From the line that contains "St. Catharines (Martindale" down to the last line of the entries, repeat every line exactly. Do not carry over the pictures.

Information given Block Start

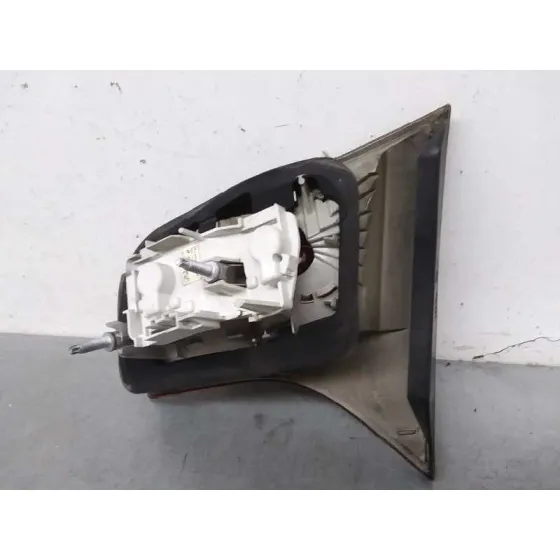 Piloto Trasero Izquierdo Interior para Audi A4 Avant (8E)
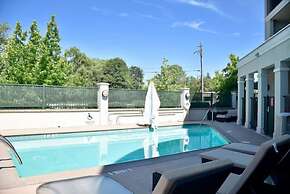Holiday Inn Express® Windsor Sonoma Wine Country by IHG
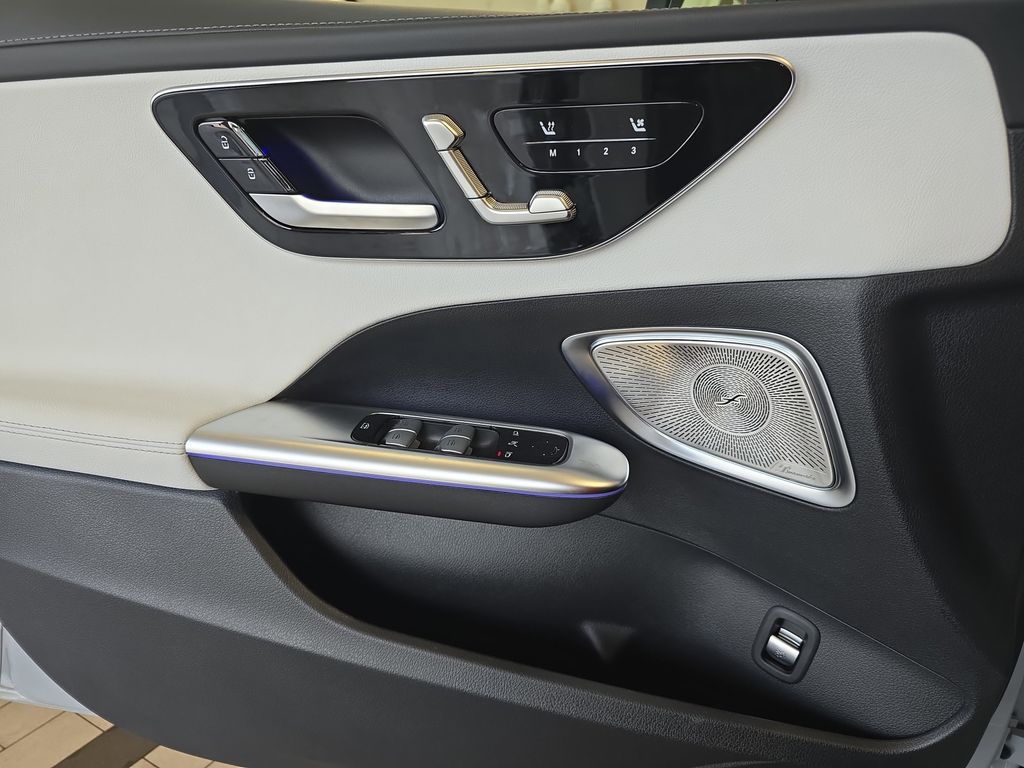 2025 Mercedes Benz C 300 photo 25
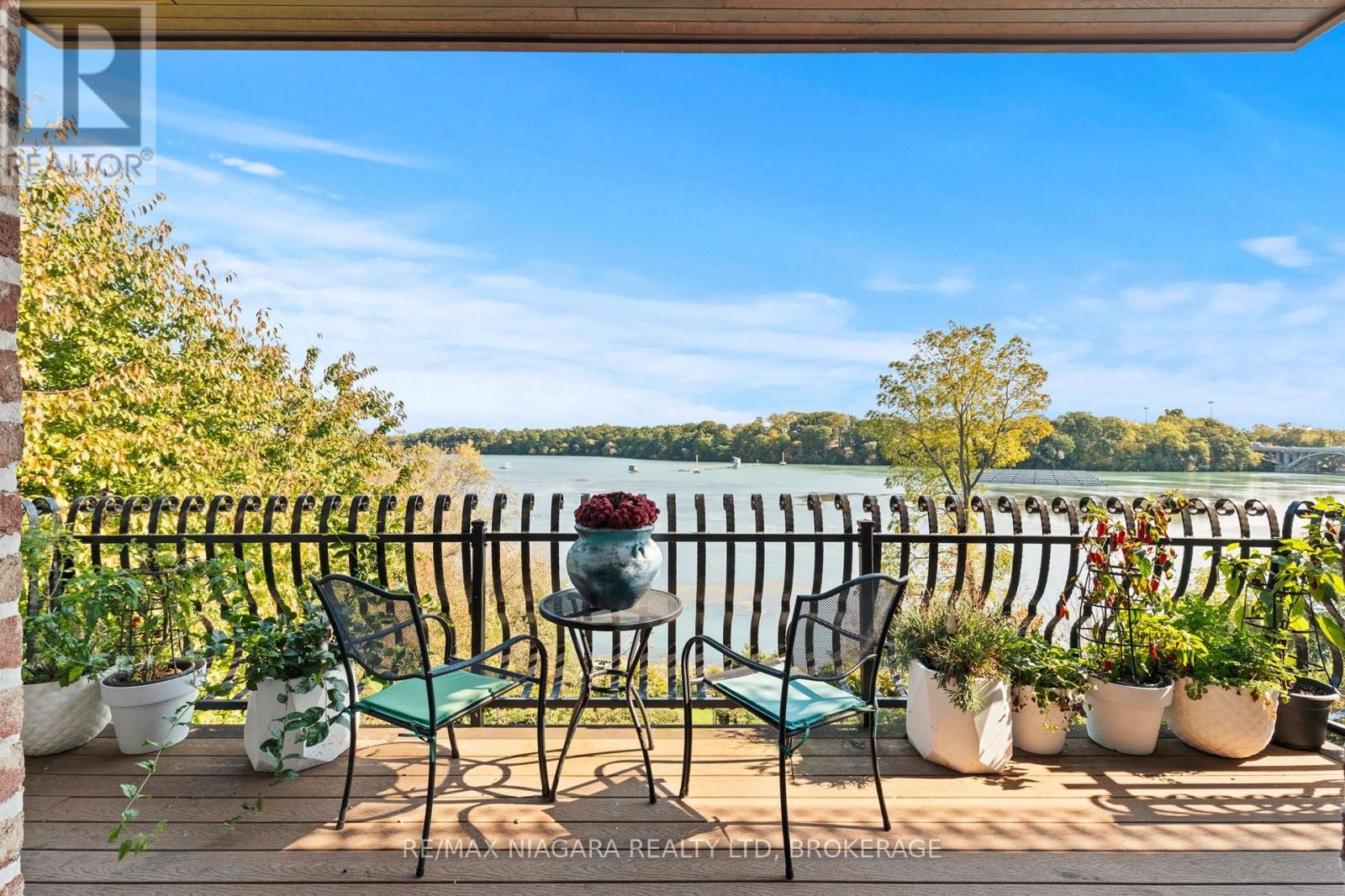 












358C MARTINDALE ROAD

,
St. Catharines (Martindale Pond),




Ontario
L2R6P9

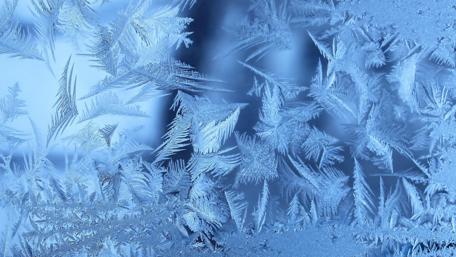 Icy Crystal Elegance wallpaper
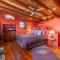 Adobe and Pines Inn Bed and Breakfast - تاوس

Information given Block End

• _Worked solution_
St. Catharines (Martindale Pond),




Ontario
L2R6P9

 Icy Crystal Elegance wallpaper
 Adobe and Pines Inn Bed and Breakfast - تاوس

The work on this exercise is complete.